I saw another video of police repeatedly punching a middle-aged man who was holding his hands in the air until he fell to the ground.
I saw another video of police repeatedly pepper spraying a demonstrator directly in the face as he was visibly complying with their demands to move and providing no resistance whatsoever.
I saw another video of police manhandling Muslim men who were literally on their knees praying, presenting no possible threat of any kind.
That’s right kids, welcome to Australia, where the government invites the head of a genocidal apartheid state for a happy cuddle party and then beats the shit out of anyone who opposes this.
It’s a testament to the courage and vitality of the pro-Palestine movement in Australia that people keep showing up to anti-genocide protests even as authorities do everything they can to create a chilling effect on them.
After all, this happens as the state of Queensland moves to make it illegal to utter the pro-Palestine phrases “from the river to the sea” or “globalise the intifada”, with violations punishable by two years in prison. This is easily the single most bat shit insane speech suppression legislation in Australian history, and that’s an extremely high bar.

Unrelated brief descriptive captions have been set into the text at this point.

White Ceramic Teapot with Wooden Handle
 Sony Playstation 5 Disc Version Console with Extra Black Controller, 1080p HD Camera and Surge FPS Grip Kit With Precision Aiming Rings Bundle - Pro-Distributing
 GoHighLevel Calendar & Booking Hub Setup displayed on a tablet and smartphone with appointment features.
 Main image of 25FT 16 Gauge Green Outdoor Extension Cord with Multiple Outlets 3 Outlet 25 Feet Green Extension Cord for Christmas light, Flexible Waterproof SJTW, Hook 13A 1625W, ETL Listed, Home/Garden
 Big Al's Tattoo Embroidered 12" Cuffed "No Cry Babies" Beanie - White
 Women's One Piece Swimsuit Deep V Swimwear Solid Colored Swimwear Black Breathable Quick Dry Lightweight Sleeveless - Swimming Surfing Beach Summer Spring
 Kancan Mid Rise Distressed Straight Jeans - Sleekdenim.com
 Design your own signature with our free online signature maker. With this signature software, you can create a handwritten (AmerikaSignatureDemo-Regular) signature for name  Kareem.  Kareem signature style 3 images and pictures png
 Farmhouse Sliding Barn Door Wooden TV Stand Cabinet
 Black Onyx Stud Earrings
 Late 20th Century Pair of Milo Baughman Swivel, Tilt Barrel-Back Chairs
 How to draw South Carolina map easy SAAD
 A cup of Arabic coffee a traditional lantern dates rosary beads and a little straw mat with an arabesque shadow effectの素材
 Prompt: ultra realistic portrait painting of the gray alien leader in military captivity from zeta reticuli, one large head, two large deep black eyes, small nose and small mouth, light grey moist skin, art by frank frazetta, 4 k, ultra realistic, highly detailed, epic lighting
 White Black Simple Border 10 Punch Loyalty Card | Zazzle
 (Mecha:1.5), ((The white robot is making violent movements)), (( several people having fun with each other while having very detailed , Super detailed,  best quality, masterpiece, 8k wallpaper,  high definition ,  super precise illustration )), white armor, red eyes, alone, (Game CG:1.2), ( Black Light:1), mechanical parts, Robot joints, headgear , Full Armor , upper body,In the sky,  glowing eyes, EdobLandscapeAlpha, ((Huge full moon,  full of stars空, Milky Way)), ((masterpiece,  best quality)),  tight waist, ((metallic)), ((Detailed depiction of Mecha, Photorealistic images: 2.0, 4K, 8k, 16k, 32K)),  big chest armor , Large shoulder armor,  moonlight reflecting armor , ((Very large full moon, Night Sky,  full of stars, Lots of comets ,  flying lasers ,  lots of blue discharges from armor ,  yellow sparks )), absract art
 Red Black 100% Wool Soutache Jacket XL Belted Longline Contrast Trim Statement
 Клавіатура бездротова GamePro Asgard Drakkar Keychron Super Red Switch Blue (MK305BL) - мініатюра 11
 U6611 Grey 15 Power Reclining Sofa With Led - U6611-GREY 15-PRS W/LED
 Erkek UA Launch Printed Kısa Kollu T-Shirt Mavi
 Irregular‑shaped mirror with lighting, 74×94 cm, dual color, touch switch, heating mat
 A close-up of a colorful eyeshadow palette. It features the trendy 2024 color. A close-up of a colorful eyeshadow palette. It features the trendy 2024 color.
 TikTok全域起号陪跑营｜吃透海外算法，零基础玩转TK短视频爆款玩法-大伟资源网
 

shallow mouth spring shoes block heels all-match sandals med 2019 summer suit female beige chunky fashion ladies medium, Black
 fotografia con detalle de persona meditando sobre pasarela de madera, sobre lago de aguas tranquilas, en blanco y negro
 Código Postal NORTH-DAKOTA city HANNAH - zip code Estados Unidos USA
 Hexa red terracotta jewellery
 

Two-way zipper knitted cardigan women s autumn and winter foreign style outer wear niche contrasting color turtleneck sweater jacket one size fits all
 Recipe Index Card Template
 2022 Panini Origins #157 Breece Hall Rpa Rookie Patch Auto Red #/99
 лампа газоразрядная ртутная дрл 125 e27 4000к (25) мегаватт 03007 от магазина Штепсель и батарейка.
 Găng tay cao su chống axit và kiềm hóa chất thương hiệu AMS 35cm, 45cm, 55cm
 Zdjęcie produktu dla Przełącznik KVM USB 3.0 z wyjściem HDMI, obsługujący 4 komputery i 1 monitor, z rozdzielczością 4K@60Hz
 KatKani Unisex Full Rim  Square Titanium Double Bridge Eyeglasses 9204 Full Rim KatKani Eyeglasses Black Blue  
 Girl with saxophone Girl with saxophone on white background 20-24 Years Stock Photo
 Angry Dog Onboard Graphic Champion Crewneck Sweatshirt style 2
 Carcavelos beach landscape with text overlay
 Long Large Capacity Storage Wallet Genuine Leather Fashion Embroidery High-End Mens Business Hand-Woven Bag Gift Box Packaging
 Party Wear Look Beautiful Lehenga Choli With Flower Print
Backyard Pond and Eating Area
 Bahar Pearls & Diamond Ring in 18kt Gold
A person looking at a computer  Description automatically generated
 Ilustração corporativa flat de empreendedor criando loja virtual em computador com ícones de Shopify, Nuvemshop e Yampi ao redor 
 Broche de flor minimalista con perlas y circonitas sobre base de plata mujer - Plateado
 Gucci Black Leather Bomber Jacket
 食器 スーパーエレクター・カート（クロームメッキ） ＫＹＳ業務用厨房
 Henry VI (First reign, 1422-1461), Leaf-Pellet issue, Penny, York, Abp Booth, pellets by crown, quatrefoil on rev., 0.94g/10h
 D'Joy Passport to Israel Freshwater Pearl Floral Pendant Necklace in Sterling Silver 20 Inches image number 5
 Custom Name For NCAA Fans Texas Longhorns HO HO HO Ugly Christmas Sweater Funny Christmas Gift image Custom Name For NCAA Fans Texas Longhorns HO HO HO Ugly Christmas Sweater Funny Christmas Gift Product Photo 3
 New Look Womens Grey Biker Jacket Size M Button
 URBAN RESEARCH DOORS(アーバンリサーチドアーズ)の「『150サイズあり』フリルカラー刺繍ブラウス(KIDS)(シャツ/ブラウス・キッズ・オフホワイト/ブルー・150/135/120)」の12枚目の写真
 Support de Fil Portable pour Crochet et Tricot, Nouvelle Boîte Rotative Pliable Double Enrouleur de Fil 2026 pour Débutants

To be clear, not one person sincerely believes that “from the river to the sea, Palestine will be free” is a genocidal or antisemitic statement. This is one of those many, many instances in which Israel supporters are pretending to believe something they do not actually believe in order to further outlaw criticism of Israel.
They’re trying to make it so that nobody feels comfortable opposing Israel’s abuses without first consulting with a lawyer about what exactly they are legally permitted to say in that moment, thereby throwing a chilling effect on pro-Palestine activism throughout the nation.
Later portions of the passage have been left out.